The scenery of the Alpine Zone, at 11,000 feet and above, was Richard's favorite to paint, so he was away from home much of the summer. Although on occasion he hired a packer with pack animals, generally he hiked in to the selected area laden with a heavy pack of essential supplies for a ten-day excursion.

==Career==

A year after Clunie’s death in 1984, the family sold the art studio and residence to Richard who opened Coons Gallery. With the help of Frenchy, a local sign maker, they built the monument sign that stands outside the gallery, on U.S. 395 at Tu Su Lane. The new studio provided the environment he needed to focus on painting. He was disciplined, in the studio every day at eight, then finishing up by two, so he could spend a few hours playing a round of golf at the local country club.

Often in winter, when the Sierra was covered with snow, Richard traveled to drier climates to paint. Laguna Beach, Virginia City, the Great Basin and Death Valley were some of his favorite locations. Once, while painting Dante’s View in 1982, a sand storm interrupted his work. Having left the windows of his trailer open for ventilation, he returned to find the bed and much of the interior covered with two inches of sand.

Unlike his mentor, Robert Clunie, who hired Glacier Pack Station to take him into the mountains, Richard carried a large external frame backpack, topped with a small easel, rolled canvas, an umbrella, his paints and brushes. He recalled a painting trip to Hungry Packer Lake, "Soon it began to hail. I was sitting under my big umbrella, not getting wet, but hailstones were hitting the meadow grass and boulders and bouncing two feet in the air like a million jumping grasshoppers. It began to thunder and lightning, closer and closer. I found myself down in the lowest spot I could find, between the big boulders, sitting on my foam rubber cushion and huddled in my poncho with the rain coming down in buckets and lightning and thunder banging all around."
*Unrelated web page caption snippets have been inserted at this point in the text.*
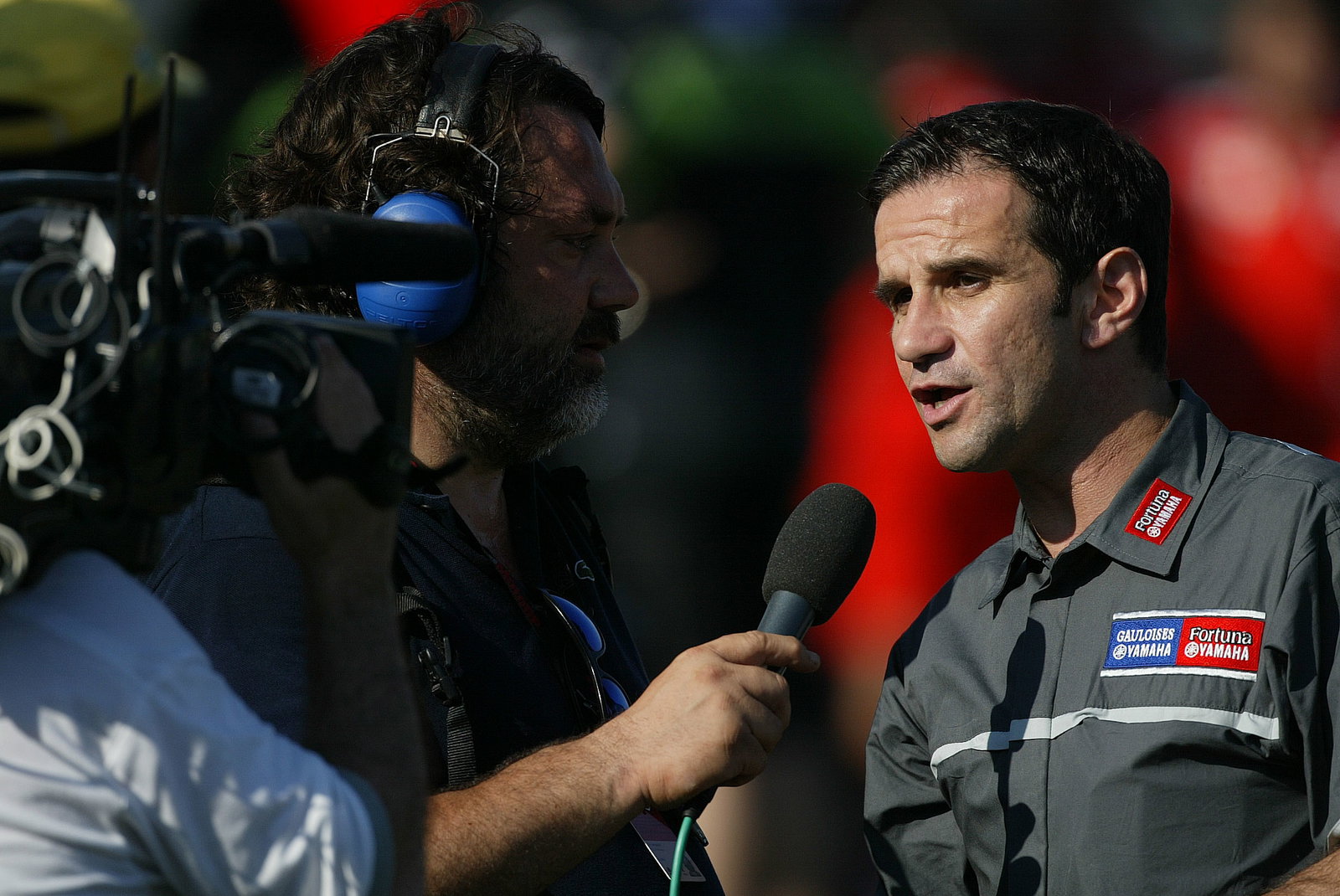 Davide Brivio - Gauloises Fortuna Yamaha team director, Rio MotoGP, 2004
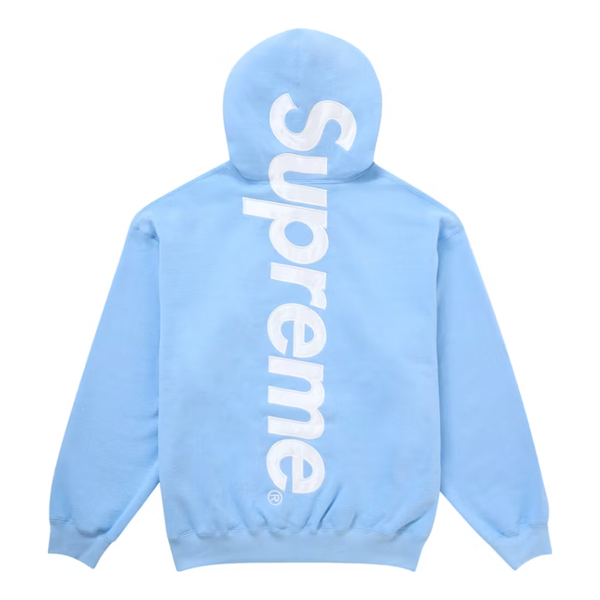 Supreme Satin Applique Full Tracksuit FW24 Light Blue Supreme KershKicks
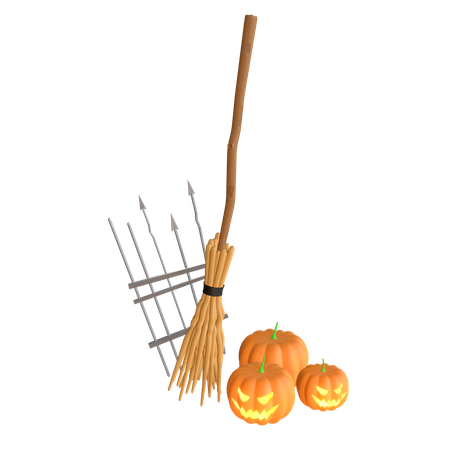 Witch Broom  3D Icon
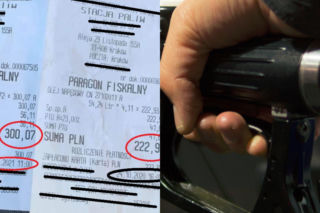 Zatankował na tej samej stacji benzynowej teraz i rok temu. Pokazał paragon! To więcej niż szok. Co za drożyzna!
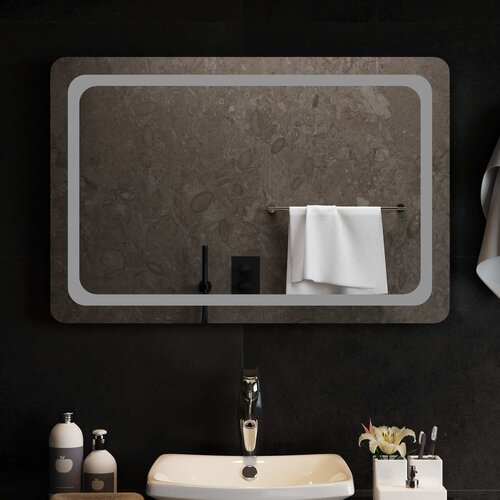  LED kupaonsko ogledalo s ogledalom *Transparent*an 90 x 60 cm Slike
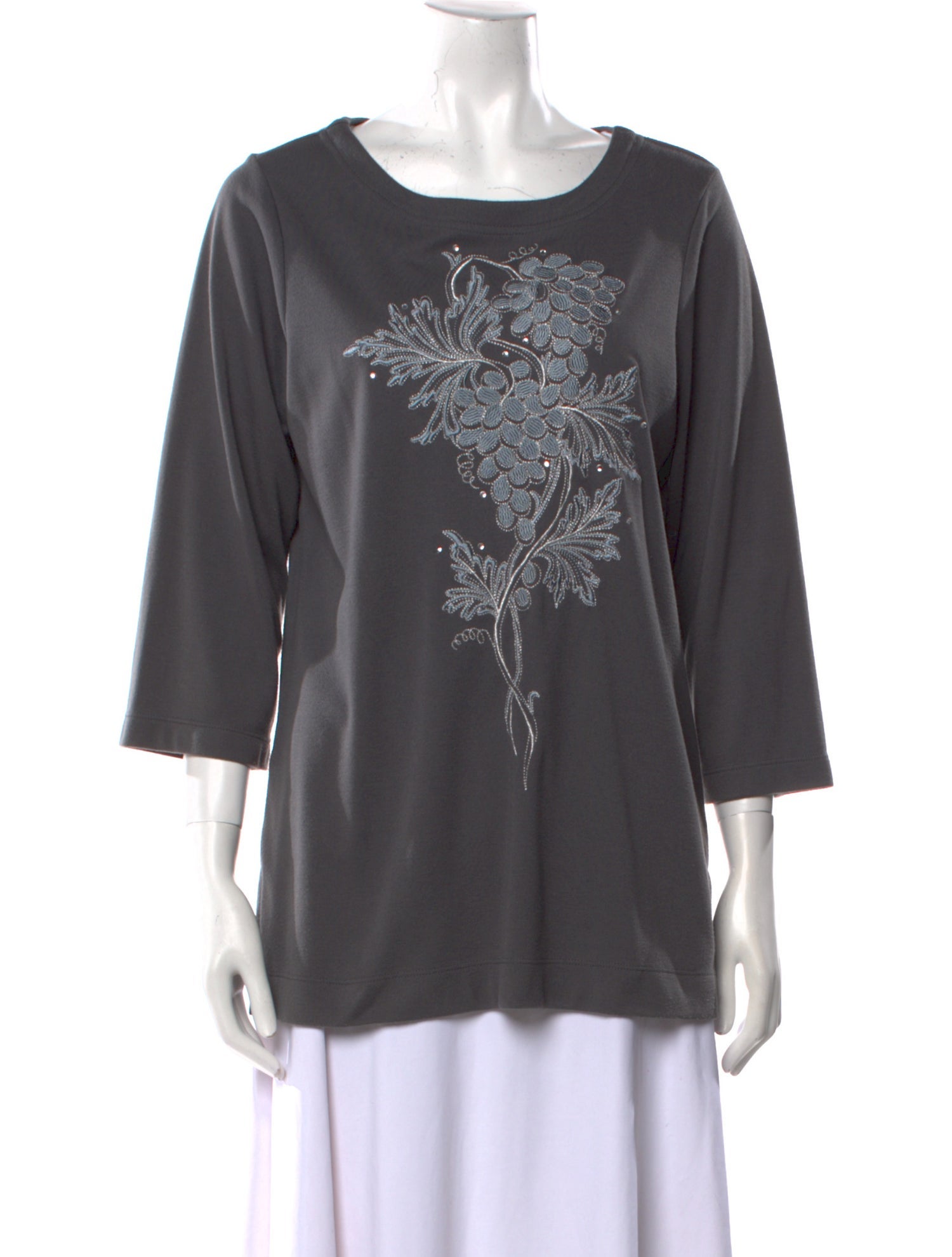 Bob Mackie Wearable Art Graphic Print Scoop Neck T-Shirt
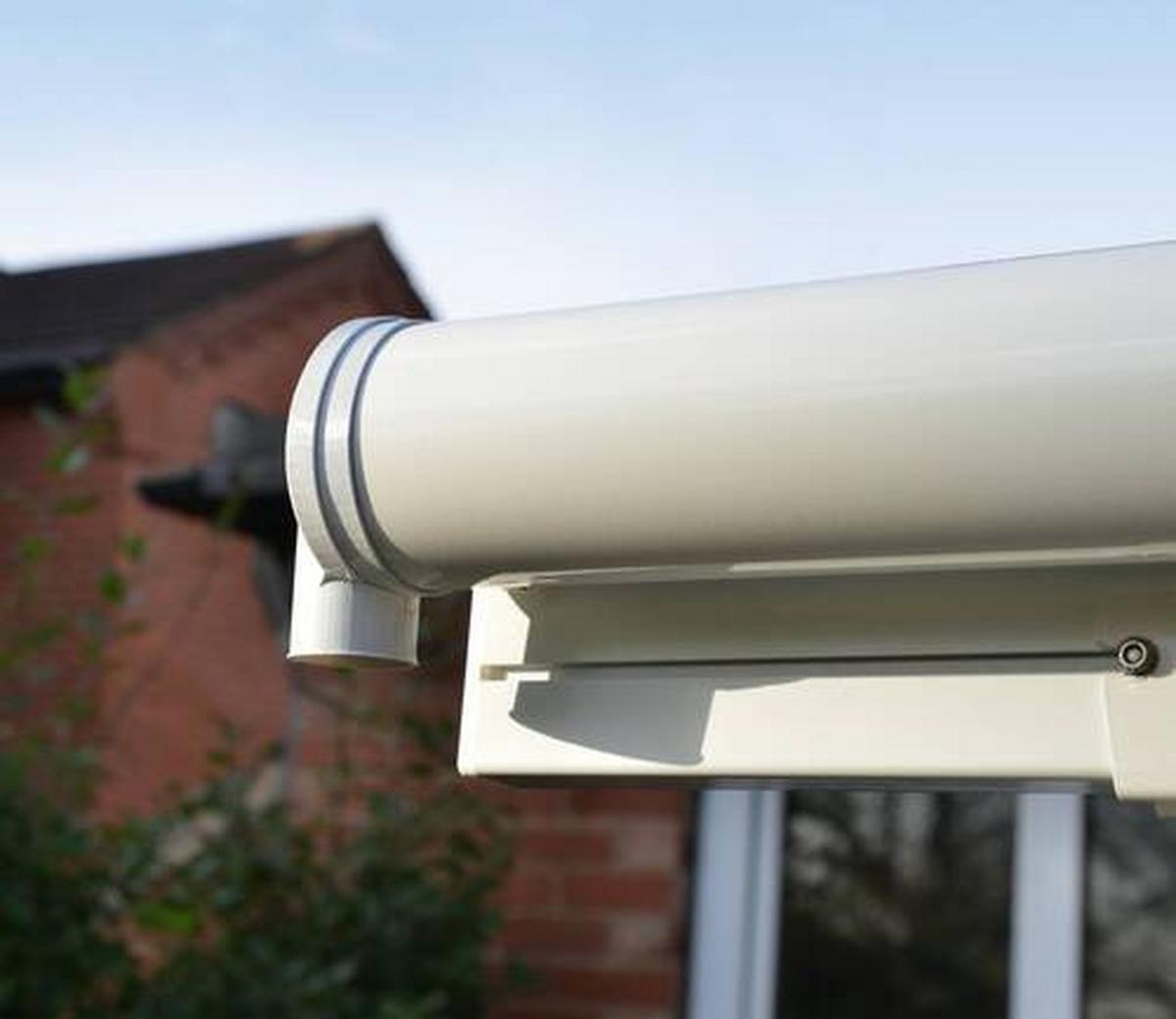 Terrassenüberdachung Palram Sierra 230x670 cm Weiß - Weiß, Basics, Metall (670/257/230cm)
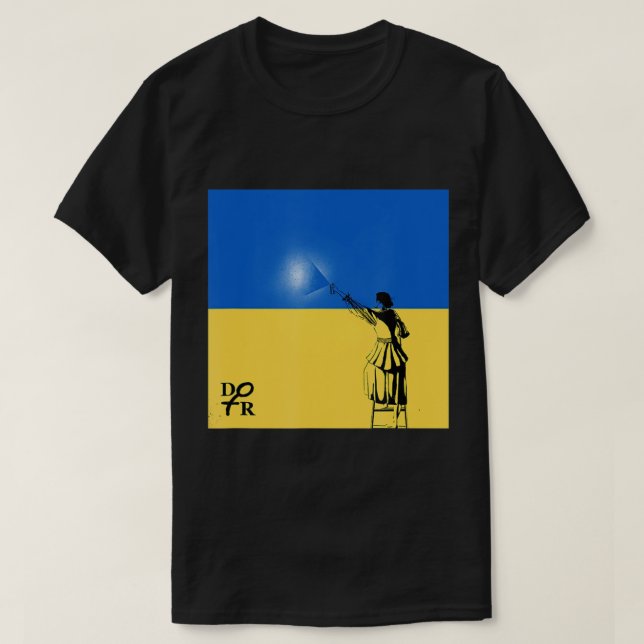 Volodymyr Zelensky President Ukraine Flag Spray Pa T-Shirt (Design Front)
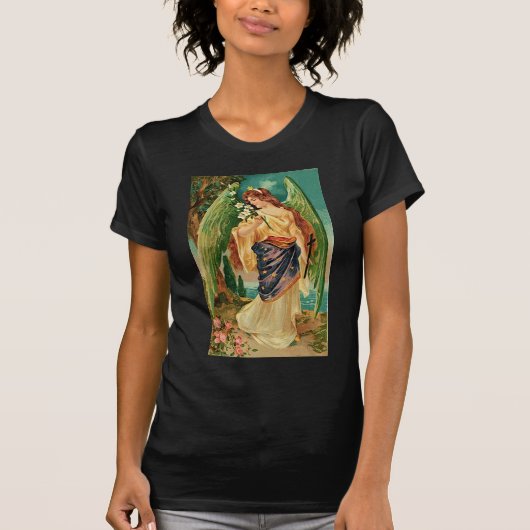 エンジェルがフローラ枝を持つ Tシャツ (正面)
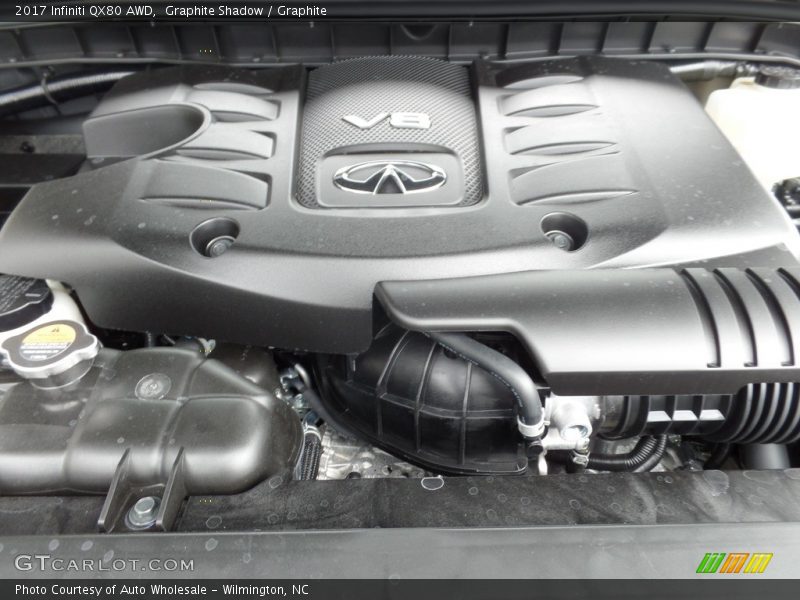 Graphite Shadow / Graphite 2017 Infiniti QX80 AWD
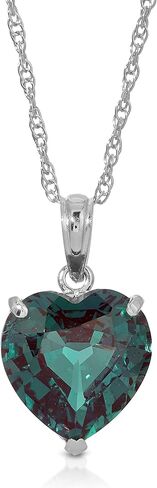 Galaxy Gold GG 14K Solid Yellow Gold Necklace With Lab. Grown Heart Shape Alexandrite Grade AAA in Kuwait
He spent close to a year in Laguna Beach, associated with Larry Kronquist Gallery. At Larry's urging, he took a marine painting workshop with Bennett Bradbury in Monterey, California. He soon returned to the Sierra, and spent many months hiking into the backcountry with his painting canvases and supplies. In 1998, Coons wrote and published the definitive volume on his mentor’s life: Robert Clunie Plein-Air Painter of the Sierra.

An artist member of the California Art Club, Richard participated in many exhibitions, including several California Art Club Gold Medal Shows as well as a joint exhibition with Robert Clunie at the Ventura County Historical Museum (now the Ventura County Museum). He won many awards and placed in the National Parks Art For the Parks Top 100 competition. A prolific painter, Richard was able to complete a thirty by thirty-six inch oil canvas in two days. It is estimated that he painted at least 3,000 realist and impressionist canvases of primarily the Sierra Nevada, but also classic California landscape scenes and oceanscapes, from Monterey to Laguna. Following his untimely death from cancer in 2003, his wife, Wynne Benti, publisher of outdoor books at Spotted Dog Press, continued to keep the gallery open.